**WHAT THE EXERCISE ASKS:**
Would you copy the records exactly, leaving the pictures out?

**Dataset excerpts:**
=== Section Start ===
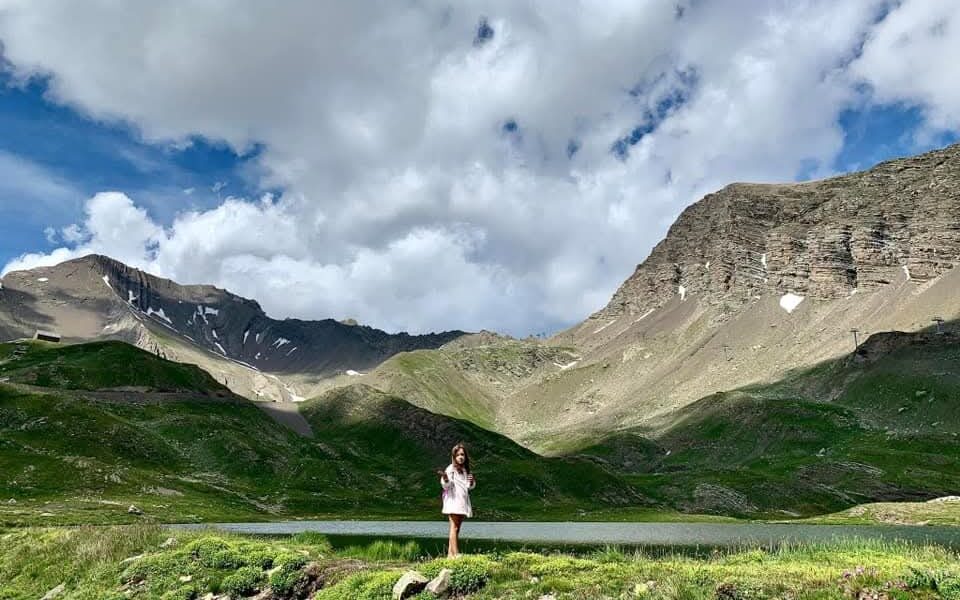 Randonneuse au bord d'un lac de montagne dans le Monde des 6 lacs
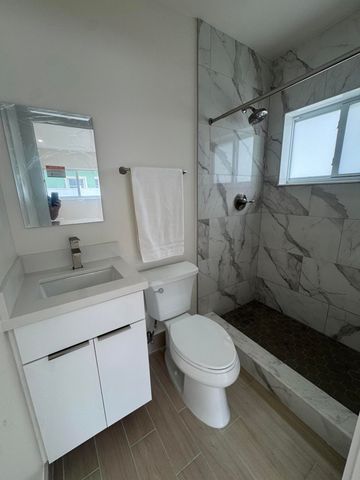 725 NE 160th Terrace, Miami, FL 33162
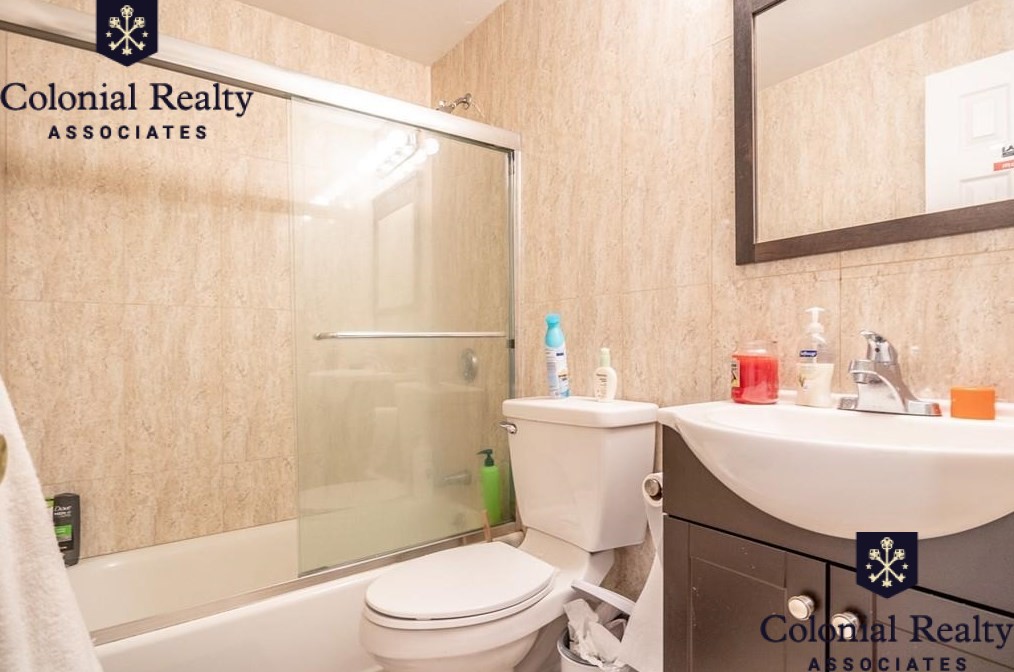 73 Thatcher St, North Brookline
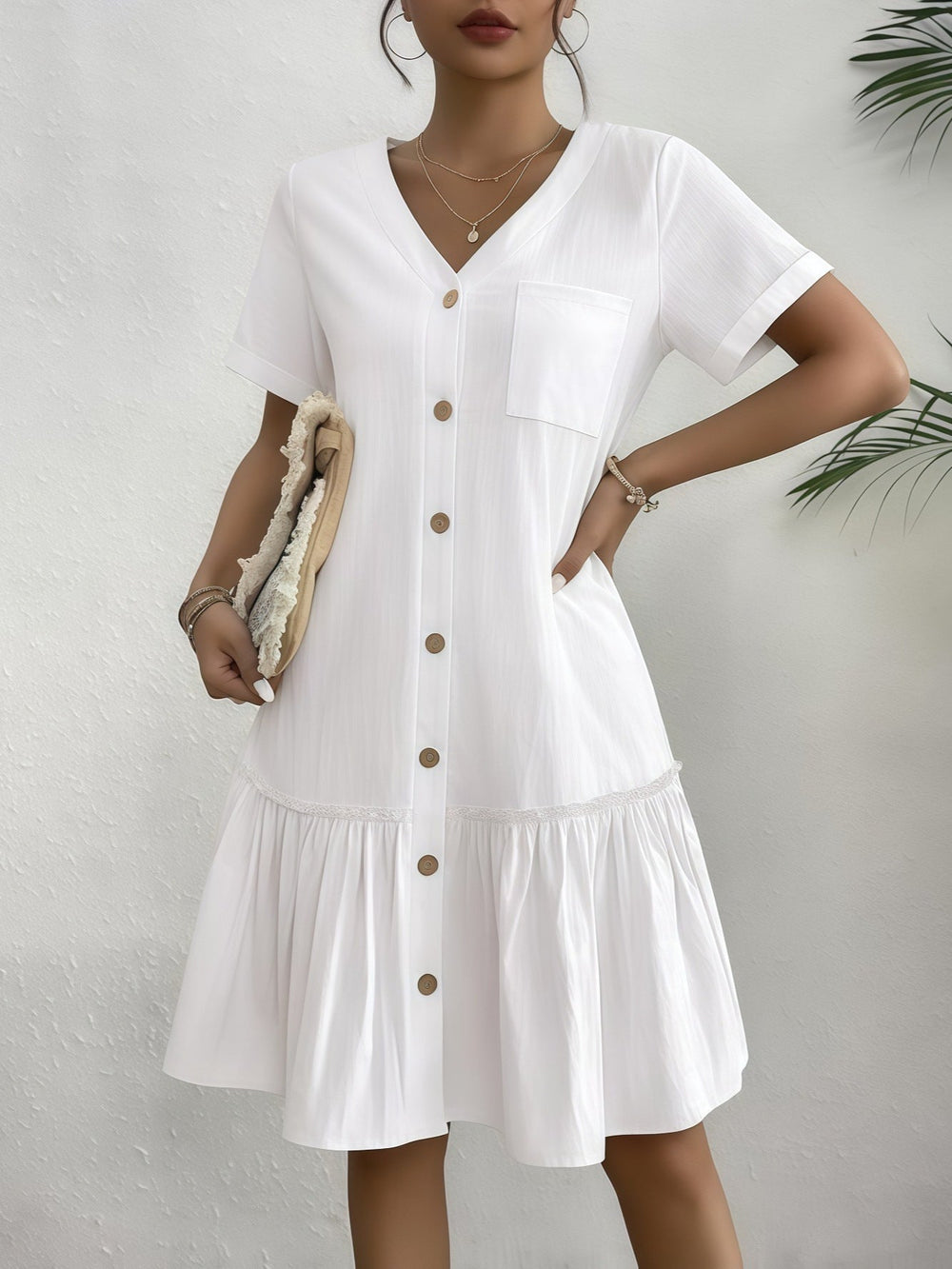 Ohlapna srajčna obleka z enim gumbom in kratkimi rokavi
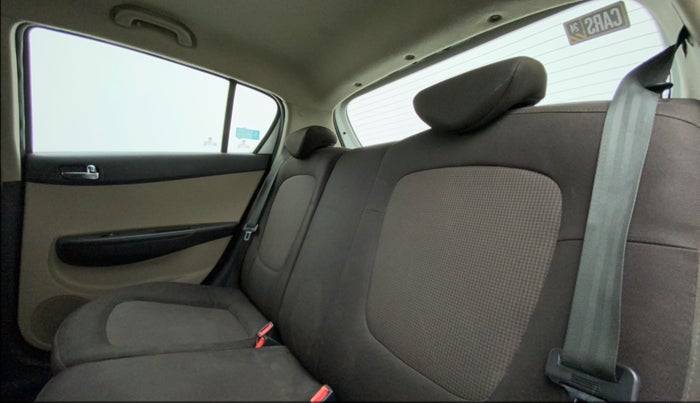 2013 Hyundai i20 ASTA 1.4 CRDI, Diesel, Manual, 97,861 km, Right Side Rear Door Cabin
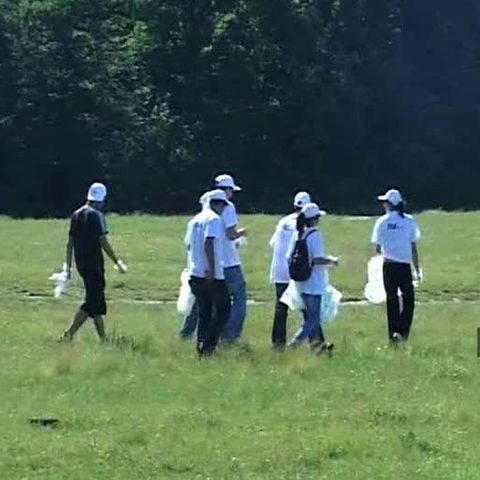 Peste 200 de voluntari din Prahova au ecologizat pădurea din Păuleşti 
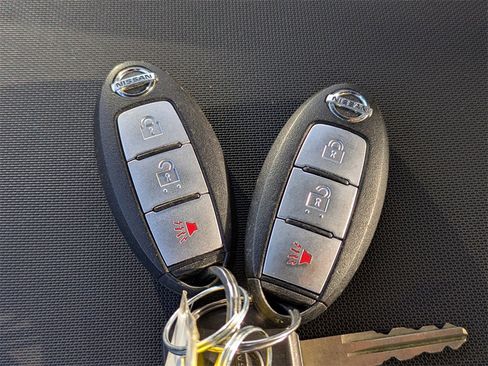 Used 2018 Nissan Titan S image 27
=== Section End ===
**ANSWER BOX:**
 Randonneuse au bord d'un lac de montagne dans le Monde des 6 lacs
 725 NE 160th Terrace, Miami, FL 33162
 73 Thatcher St, North Brookline
 Ohlapna srajčna obleka z enim gumbom in kratkimi rokavi
 2013 Hyundai i20 ASTA 1.4 CRDI, Diesel, Manual, 97,861 km, Right Side Rear Door Cabin
 Peste 200 de voluntari din Prahova au ecologizat pădurea din Păuleşti 
 Used 2018 Nissan Titan S image 27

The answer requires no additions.